▶ [Exercise prompt] Keep the images out and set the listing below down word for word.

#### Records provided ####

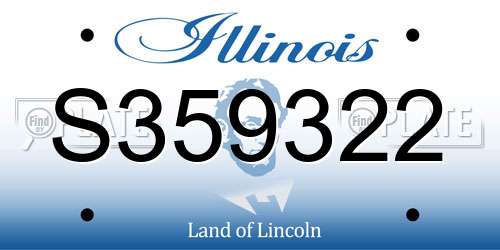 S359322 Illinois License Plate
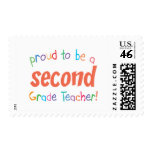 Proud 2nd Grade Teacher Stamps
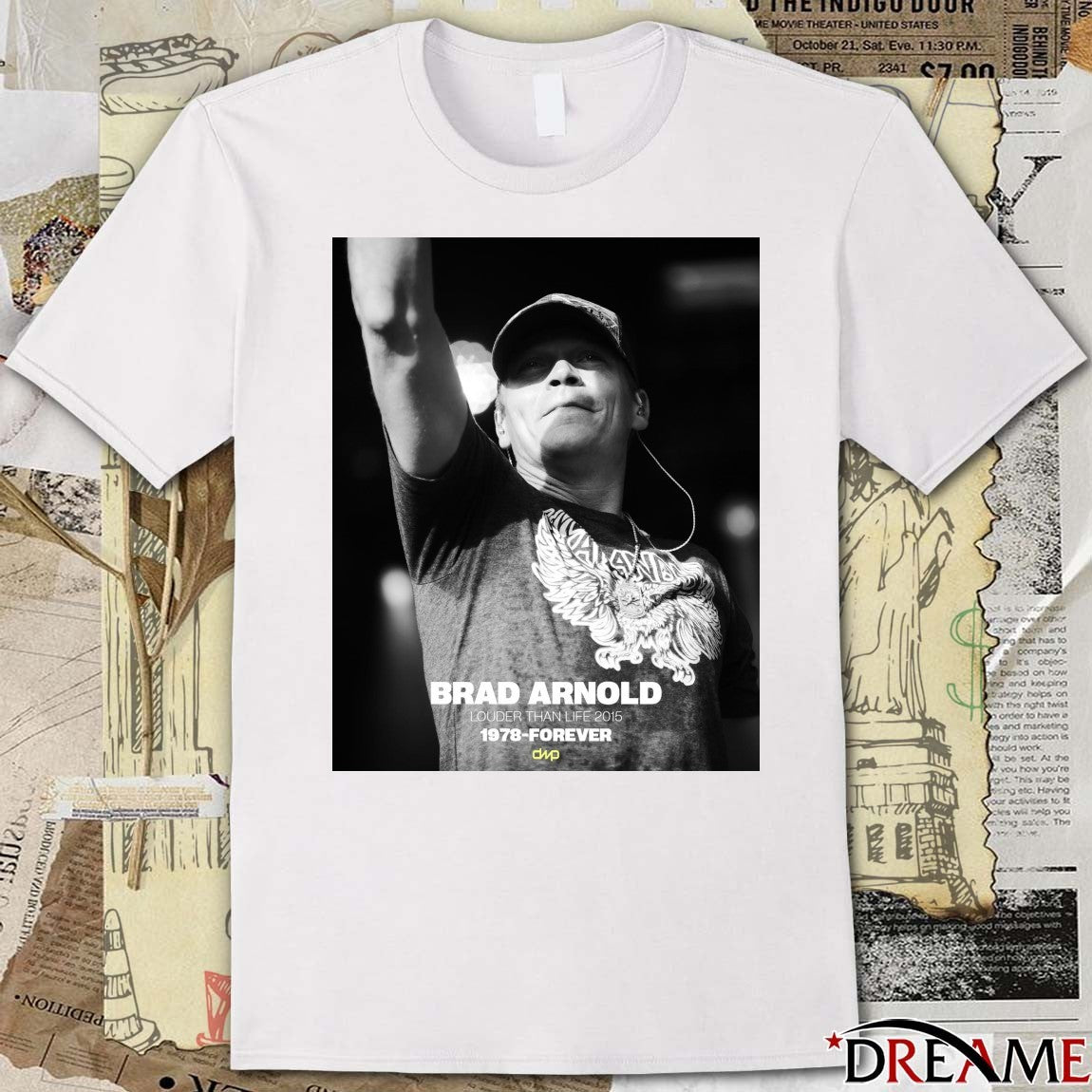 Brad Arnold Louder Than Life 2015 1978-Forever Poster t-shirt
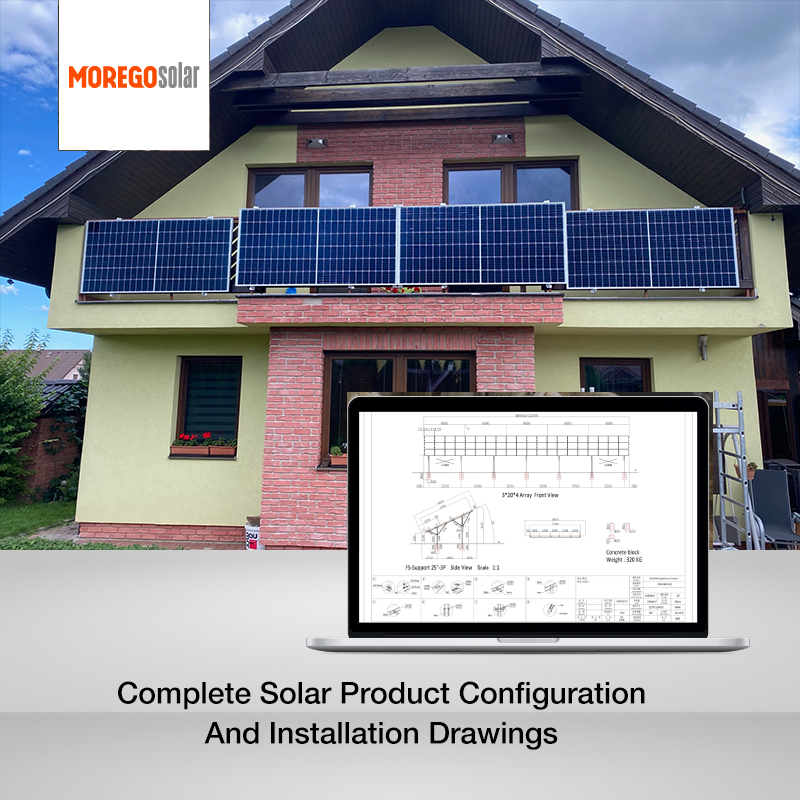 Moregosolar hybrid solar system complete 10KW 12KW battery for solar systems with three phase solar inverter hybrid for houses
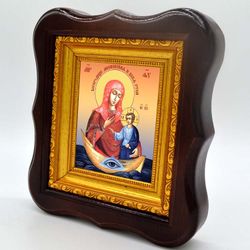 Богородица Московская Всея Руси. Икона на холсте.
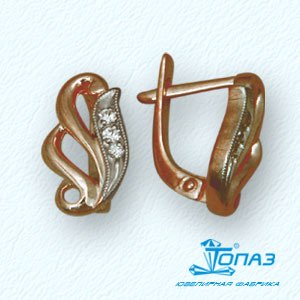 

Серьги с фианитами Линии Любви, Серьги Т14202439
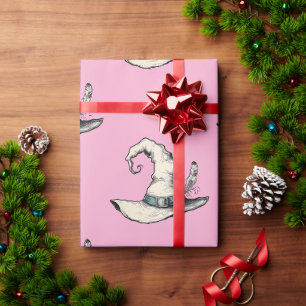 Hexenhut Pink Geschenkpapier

####

▶ [Exercise output]
 S359322 Illinois License Plate
 Proud 2nd Grade Teacher Stamps
 Brad Arnold Louder Than Life 2015 1978-Forever Poster t-shirt
 Moregosolar hybrid solar system complete 10KW 12KW battery for solar systems with three phase solar inverter hybrid for houses
 Богородица Московская Всея Руси. Икона на холсте.

Серьги с фианитами Линии Любви, Серьги Т14202439
 Hexenhut Pink Geschenkpapier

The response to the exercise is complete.